Dans des situations de plus en plus nombreuses, le travail d'équipe s'effectue en réseaux, l'informatique est décentralisée, les hiérarchies bousculées ou l'organisation du travail repensée. Le développement des NTIC dans l'entreprise modifie en profondeur le travail : accélération des échanges, réduction de la chaîne de production ou de services, rapprochement de la relation fournisseur-producteur-consommateur, accélération et/ou parcellisation de tâches multiples, flexibilité du temps de travail selon la production et les services, préférence pour la sous-traitance, télétravail, nécessité de nouvelles formes de communication interne comme externe, etc. Il est peu de champ de l'activité des entreprises, du travail qui échappe ou échappera aux conséquences de la révolution de l'information. L'anticipation des transformations doit limiter les risques d'éclatement de la société salariale.
La réorganisation des entreprises peut se traduire par une individualisation croissante du travail, une moindre solidarité collective et le développement de formes " flexibles " du travail, le plus souvent imposées, auxquelles peuvent contribuer les NTIC. La mise en cause des organisations pyramidales réalisée par les NTIC et la flexibilité qu'elles offrent ne doivent pas impliquer nécessairement la fin de la communauté de travail qu'est l'entreprise, dont les fonctions de socialisation et de reconnaissance sociale doivent être réaffirmées. Les NTIC impliquent plutôt de nouvelles distributions des pouvoirs, un essor de l'autonomie des salariés, du partage des savoirs, de la réduction du temps de travail et de formes de corresponsabilité.

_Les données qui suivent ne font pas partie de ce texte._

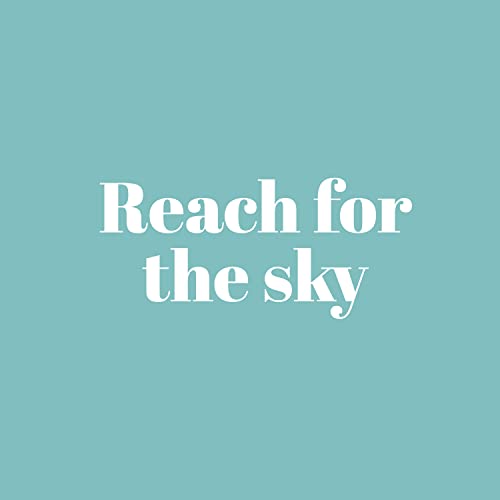 Vinilo artístico Reach for The Sky 11 x 25 pulgadas blanco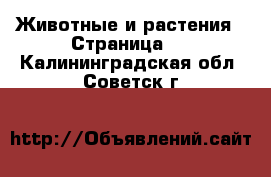  Животные и растения - Страница 6 . Калининградская обл.,Советск г.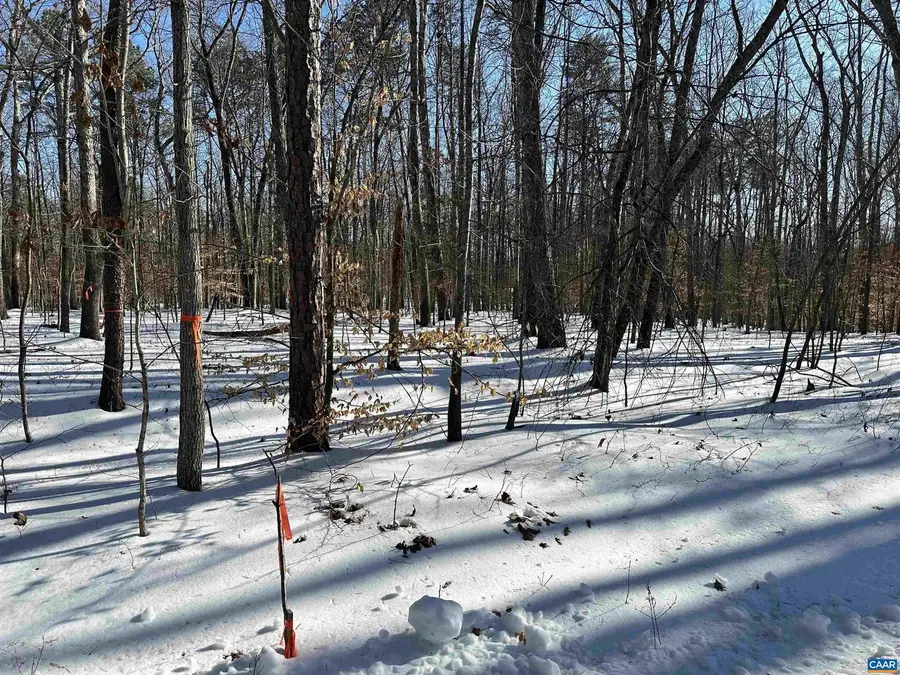 001 Beaver Dam Rd, Keswick, VA 22947 - #3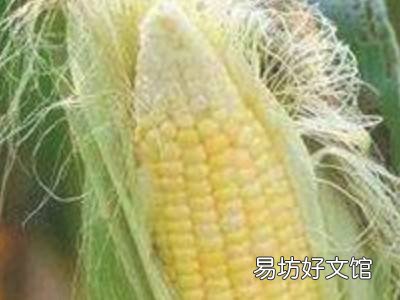 玉米须怎么晒干保存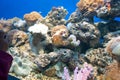 Coral reef Royalty Free Stock Photo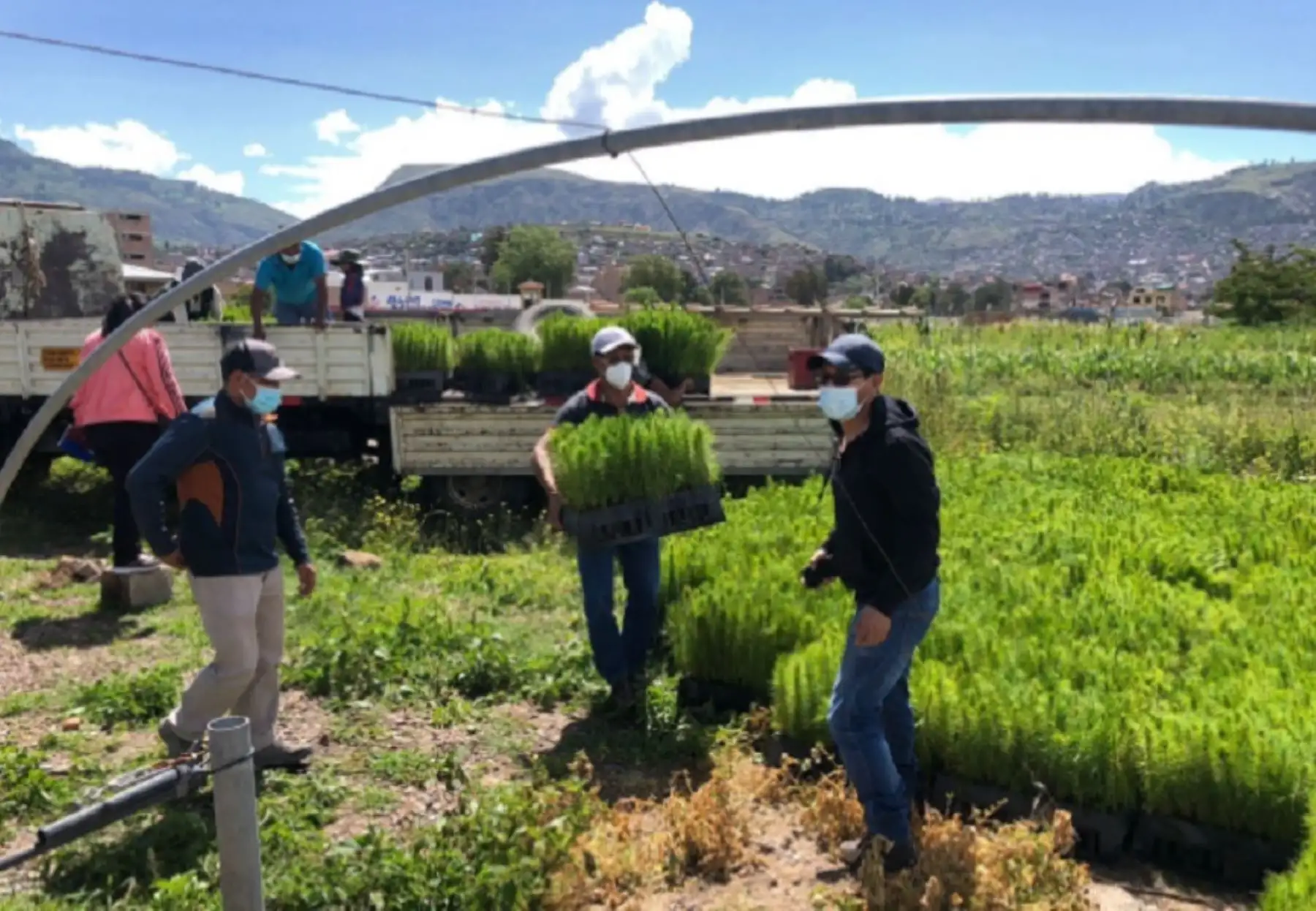 A fin de proveer de recursos forestales productivos, de protección y de sistemas agroforestales a pobladores de Ayacucho, Agro Rural del Ministerio de Desarrollo Agrario y Riego (Midagri) informó sobre la producción de 245,000 plantones forestales.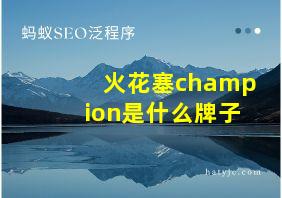 火花塞champion是什么牌子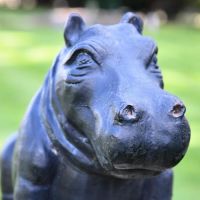 Close-up of the Head of the Hippo Sculpture Close-up of the Head of the Hippo Sculpture
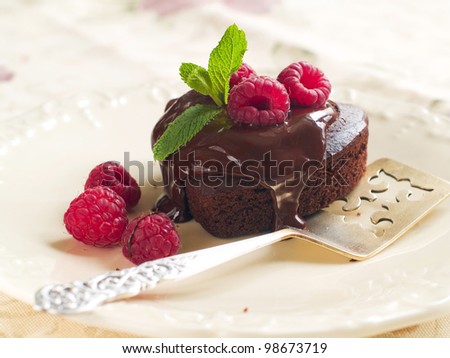 Beautiful chocolate cake with fresh raspberry. Selective focus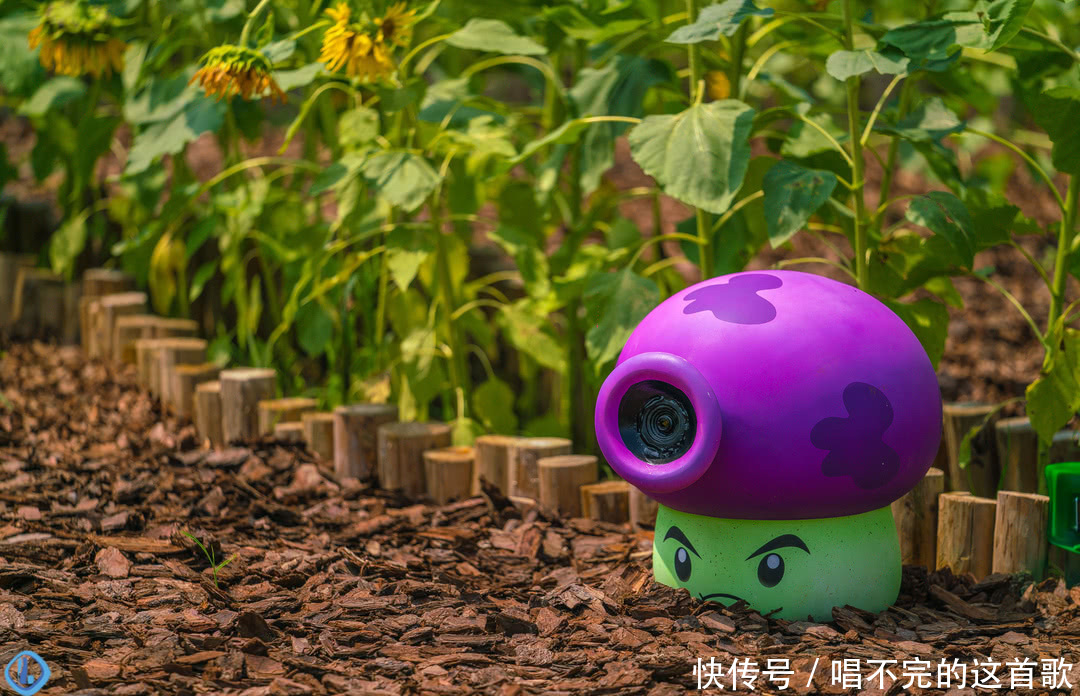 田园东方,植物大战僵尸农场让你一次玩个够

L'essor des NTIC dans l'entreprise peut être contrebalancé par le souci de prévenir l'émergence d'une " société de contrôle ", capable de mettre en cause les libertés individuelles, de faire éclater les formes de représentation dans l'entreprise, et plus généralement, de mettre en péril les principes du droit du travail. De nouveaux espaces de liberté face aux exigences de la communication en temps réel doivent ainsi être développés (droit à l'indisponibilité, déontologie des réseaux de communication, protection de la vie privée et des données personnelles, etc. ). L'ensemble des institutions représentatives du personnel (syndicats, comités d'entreprise, délégués du personnel) doivent se mobiliser pour accompagner l'intégration des NTIC dans l'entreprise et se prémunir de nouvelles formes d'abus qu'elles peuvent faciliter.
Les NTIC font émerger de nouveaux modèles d'entreprise dont nous devons mesurer l'importance. Avec le développement des réseaux, l'individualisation des compétences et leur valorisation contribuent à l'apparition de sociétés centrées autour de quelques individus entre travail salarié et travail libéral, à l'émergence de microsociétés travaillant en réseau, à l'éclosion de jeunes entreprises innovantes (start-up). Bousculées par les NTIC, les frontières traditionnelles de l'entreprise engagent à interroger la nature des formes de responsabilité, les circuits d'information, les modalités de participation et les conditions d'exercice des pouvoirs dans les entreprises. Avec le développement du gouvernement des entreprises, les NTIC doivent permettre d'accéder à une meilleure information et au développement de formes de participation.
Amendement déposé par Patrick Bloche, délégué national aux nouvelles technologies, député de Paris.